See Table 14 for the ten most important words for each category of this variable using methods developed by  and described in detail below.
Corpus and DTM Uses
While the existing indicators we have reviewed enjoy wide use throughout the human rights literature, they primarily focus on one class of human rights (i.e. physical integrity rights). Given the costs in training and monitoring coders for a large corpus of text based information, human rights scholars have necessarily focused their attention on the core political and civil rights contained in the International Convention for Civil and Political Rights (ICCPR) and the Convention Against Torture (CAT), especially those relating to physical integrity rights.
The human rights reports however, contain information about a much wider range of human rights violations. This information is underused as the human rights literature contains many fewer studies that focus on the broader set of “second and third generation” rights like those contained in the International Covenant on Economic, Social, and Cultural Rights (CESCR) . We believe that this paper will help scholars focus on these other rights in applied research by (1) making the corpus of human rights texts and associated DTMs publicly available and (2) by introducing scholars to text based analysis procedures, which may prove useful in systematically studying the features of these documents. Provided with the raw data of the reports in machine-readable format and DTMs, scholars will be able to create new measures of state respect for other human rights, similar to the CIRI Empowerment Rights variables , which we reviewed above. We hope that by making available these datasets, we will encourage the creation of additional measures such as these, which would help broaden the study of human rights beyond its current focus on physical integrity rights .
Beyond creating new measures, human rights scholars could use the corpus and DTMs for many other purposes, such as examining inconsistencies across reports. Sometimes the information within the documents appears consistent to readers when comparing reports on the same place and time; sometimes the information does not appear consistent . For example, the documents published from the early 1980s through the mid-1990s by the Lawyers Committee for Human Rights offer a focused critique of the documents published by the US State Department. To date, no scholar has directly analyzed the critical content of the Lawyers Committee for Human Rights documents relative to the content contained with the US State Department documents. If reporting agencies consistently disagree as to the state of human rights in a country, or a set of countries, then this disagreement would represent an interesting puzzle worthy of further investigation .

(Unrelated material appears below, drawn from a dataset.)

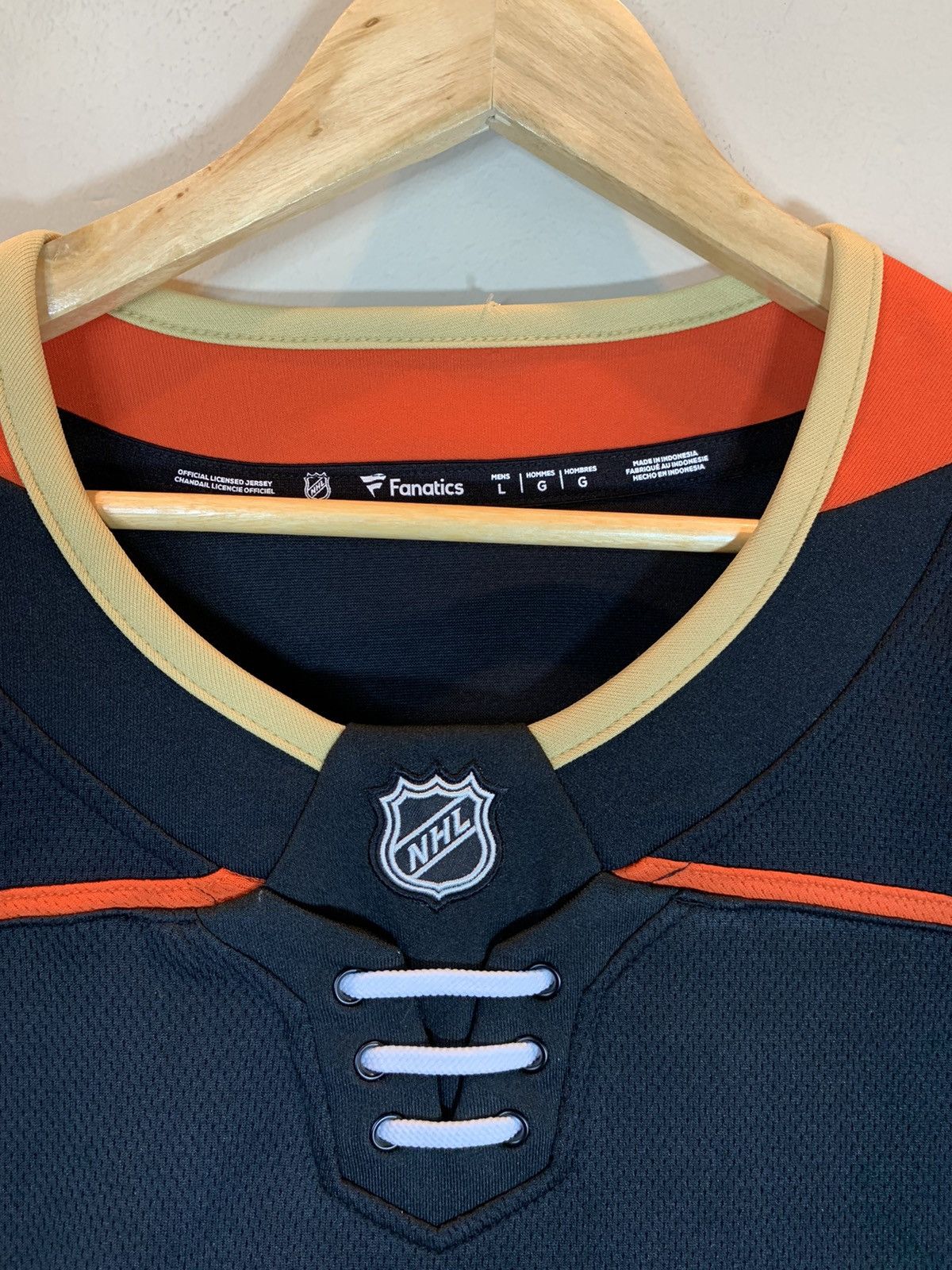 NHL *RARE* New Anaheim Ducks NHL Hockey Jersey Embroidered - LG Size US L / EU 52-54 / 3 - 6 Thumbnail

Researchers could also use the corpus in conjunction with automatic text analysis techniques to determine how the topical attention of reports varies as a function of characteristics of U.S. domestic politics and foreign policy relationships. Scholars might then extend this line of research by exploring how the topical attention, spatial focus, and language used in the country reports changes over time or across place, as the geopolitical situation changes, as technological advances increase access to information about human rights abuses, or as standards of accountability change [1, 58].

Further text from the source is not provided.